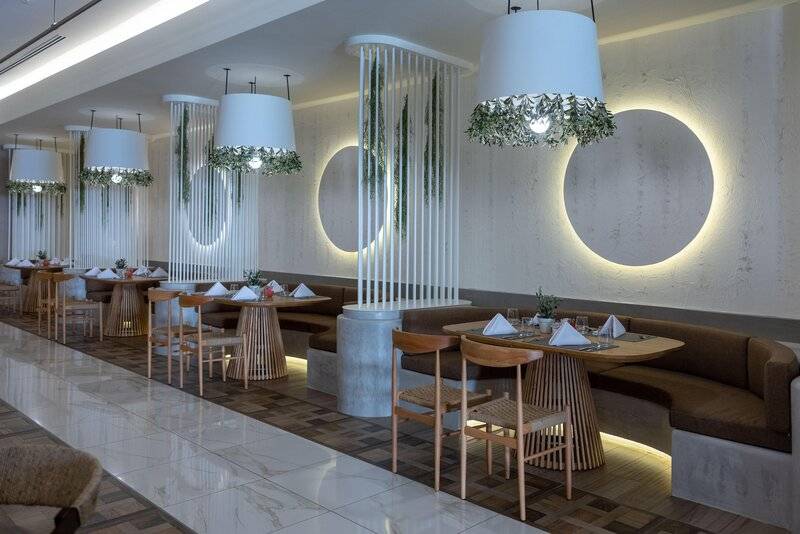 Innenbereich des Restaurants im Miraggio Thermal Spa Resort mit modernen Möbeln und dekorativen Pflanzen.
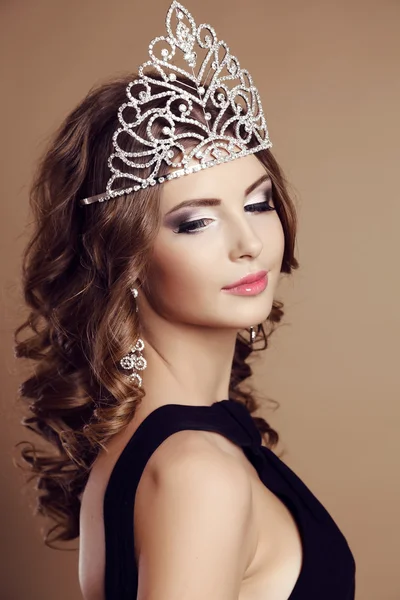 Beautiful glamour girl with dark curly hair with precious crown on head — ストック写真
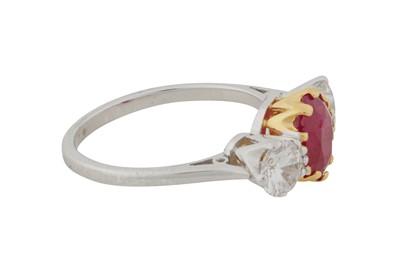 Lot 114 - A RUBY AND DIAMOND THREE-STONE RING, CIRCA 2015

- WHAT THE TASK REQUIRES
Exclude the images, then output the data above word for word.

- RESULT FOR THIS EXERCISE
 Innenbereich des Restaurants im Miraggio Thermal Spa Resort mit modernen Möbeln und dekorativen Pflanzen.
 Beautiful glamour girl with dark curly hair with precious crown on head — ストック写真
 Lot 114 - A RUBY AND DIAMOND THREE-STONE RING, CIRCA 2015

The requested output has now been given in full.